As well as being enjoyable, gardening can be good for you. Studies have shown that gardening improves general health, and can help reduce both stress and anxiety. It can refocus attention when we feel overwhelmed, boost mood and improve balance.
In terms of exercise, as long as you avoid heavy digging and landscaping etc and being out in very hot temperatures, gardening can be great low impact exercise, during and after cancer treatment. It can be something to do for anyone convalescing from surgery, between or after treatments as garden tasks come in all shapes and sizes.
It can be a way of being sociable whilst also having a task to focus on and, as it is enjoyable, it's an activity that is likely to be continued.
Maggie’s Centres are generally set in beautiful gardens. We recognise that the space around us (whether inside or out) creates an environment which helps our visitors to find the emotional space they need
If you don’t have your own garden you could try gardening on a small scale using containers and window boxes. There are also a growing number of community groups gardening in social spaces or there may be a gardening for health group near you.
Gardening can be a great way to relax whilst also getting some exercise. A few precautions are advised particularly if you are at the mid point between cycles of chemotherapy. Your immune system will be low and you can be susceptible to infections
- Take care to protect yourself from scratches or thorns
- Protect your skin /cover up to avoid sunburn ( certain treatments can make your skin more sensitive to sunlight)
- Wear gloves and wash your hand thoroughly after gardening
- Don’t overdo it - take regular breaks and avoid heavy lifting.
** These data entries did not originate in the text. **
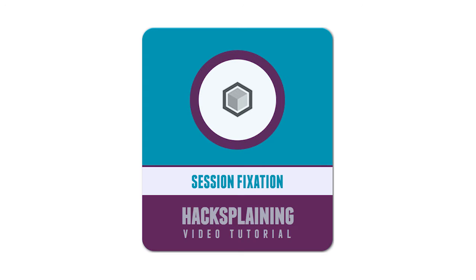Welcome to the Hacksplaining video tutorial series. This video will teach you about session fixation, a technique hackers use to hijack sessions on insecure websites.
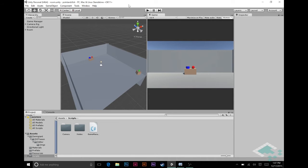Hey guys, it's Ben from Board2Bits, and this is part 10 of our point-and-click series in Unity. For the past several videos, we've been working on getting our network ready, moving around our scene, and really being able to point at stuff. Now let's get into the actual clicking and interacting with our world — really the core of what the gameplay is for this kind of game.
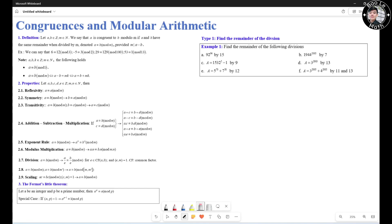Hello everyone. In this video, we're going to learn about congruences and modular arithmetic. First, we're going to talk about the definition of congruence.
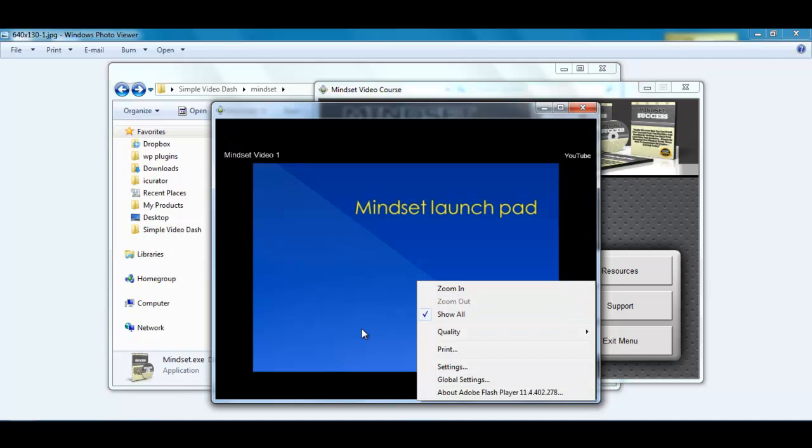Usually if you right click a YouTube video you will see copy video URL and that kind of thing. If you don't know what I am talking about, just right click any YouTube video and you will usually see that.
If you are feeling tired then just sitting in the garden will also be beneficial
Houseplants are also good for your health.They ‘breathe’ in the opposite way to us taking in the carbon dioxide that we breathe out and turning it into oxygen - they are natural air cleaners. Having living plants around the home or workplace has been shown to improve air quality, mood, concentration, the ability to tolerate pain and to reduce stress and fatigue (tiredness)
Shinrin-yoku (forest bathing)
Shinrin-yoku is traditionally practiced in Japan. In recent years there has been increased interest in it’s benefits in the UK. It literally translates as 'forest bathing'. It involves simply being in forested areas, noticing what you can see, hear, smell and touch. Studies have shown that even a few minutes of forest bathing can reduce levels of stress and improve concentration.